When you copy from the entries that follow, take only the lines from the one with "Tijeras con mech&oacute;n" down to the one with "Ancient stone arches", keeping both ends and dropping every picture.

======== Supplied data ========

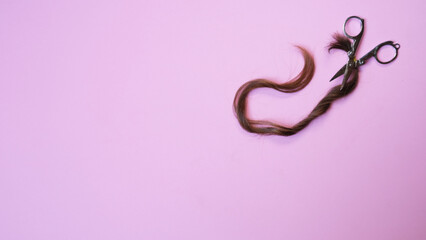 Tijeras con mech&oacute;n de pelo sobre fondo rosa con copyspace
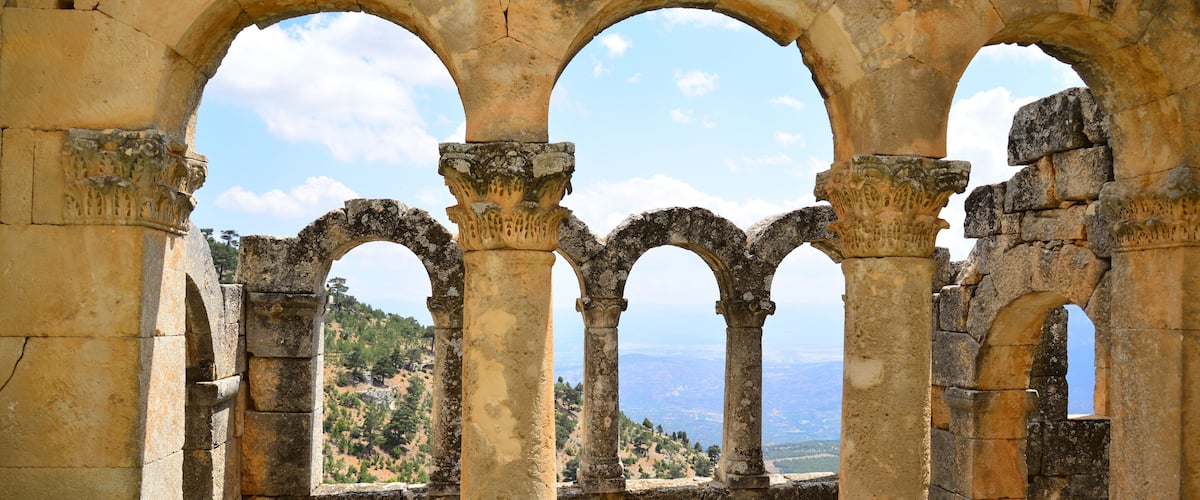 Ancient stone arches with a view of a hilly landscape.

========
======== Supplied data ========

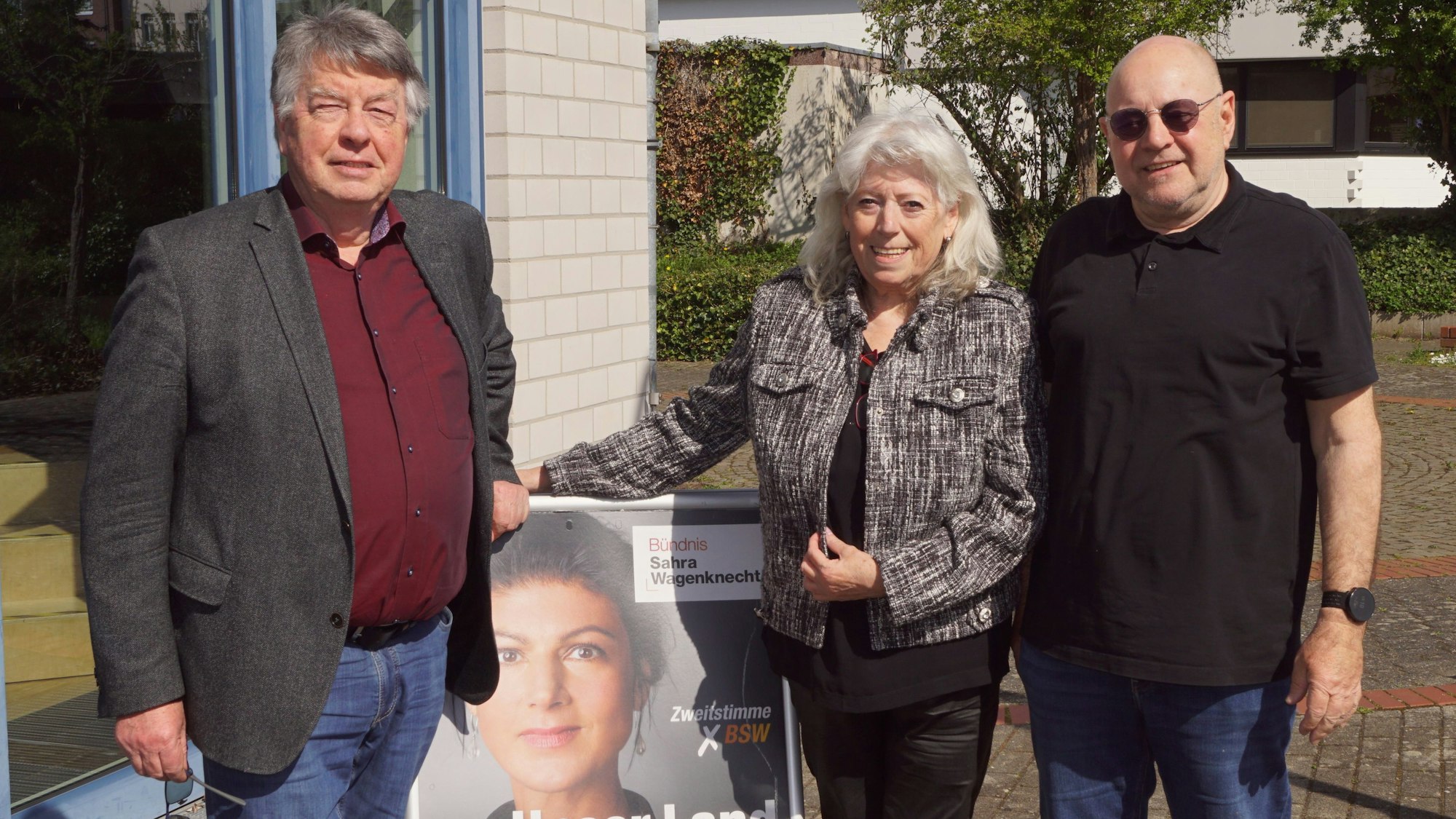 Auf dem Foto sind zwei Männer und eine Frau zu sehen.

========

### Solved problem
 Tijeras con mech&oacute;n de pelo sobre fondo rosa con copyspace
 Ancient stone arches with a view of a hilly landscape.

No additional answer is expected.